=== Begin Enclosure ===
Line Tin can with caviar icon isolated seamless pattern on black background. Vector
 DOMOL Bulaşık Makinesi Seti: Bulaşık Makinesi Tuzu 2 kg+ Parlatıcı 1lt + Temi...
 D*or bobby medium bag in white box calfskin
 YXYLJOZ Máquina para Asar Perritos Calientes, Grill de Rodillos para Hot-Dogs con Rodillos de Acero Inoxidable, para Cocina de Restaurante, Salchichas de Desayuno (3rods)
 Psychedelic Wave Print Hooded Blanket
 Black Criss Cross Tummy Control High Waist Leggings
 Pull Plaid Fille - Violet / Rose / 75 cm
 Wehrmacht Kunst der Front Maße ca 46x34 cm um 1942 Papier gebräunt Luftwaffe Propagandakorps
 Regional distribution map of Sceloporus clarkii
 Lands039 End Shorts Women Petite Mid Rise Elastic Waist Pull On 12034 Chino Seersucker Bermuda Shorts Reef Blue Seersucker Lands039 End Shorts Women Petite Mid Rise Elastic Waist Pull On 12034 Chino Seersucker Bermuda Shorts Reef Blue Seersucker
=== End Enclosure ===
● **WHAT TO PRODUCE**: Could you set down each entry above word for word?

● **ANSWER TO THIS PROBLEM**:
Line Tin can with caviar icon isolated seamless pattern on black background. Vector
 DOMOL Bulaşık Makinesi Seti: Bulaşık Makinesi Tuzu 2 kg+ Parlatıcı 1lt + Temi...
 D*or bobby medium bag in white box calfskin
 YXYLJOZ Máquina para Asar Perritos Calientes, Grill de Rodillos para Hot-Dogs con Rodillos de Acero Inoxidable, para Cocina de Restaurante, Salchichas de Desayuno (3rods)
 Psychedelic Wave Print Hooded Blanket
 Black Criss Cross Tummy Control High Waist Leggings
 Pull Plaid Fille - Violet / Rose / 75 cm
 Wehrmacht Kunst der Front Maße ca 46x34 cm um 1942 Papier gebräunt Luftwaffe Propagandakorps
 Regional distribution map of Sceloporus clarkii
 Lands039 End Shorts Women Petite Mid Rise Elastic Waist Pull On 12034 Chino Seersucker Bermuda Shorts Reef Blue Seersucker Lands039 End Shorts Women Petite Mid Rise Elastic Waist Pull On 12034 Chino Seersucker Bermuda Shorts Reef Blue Seersucker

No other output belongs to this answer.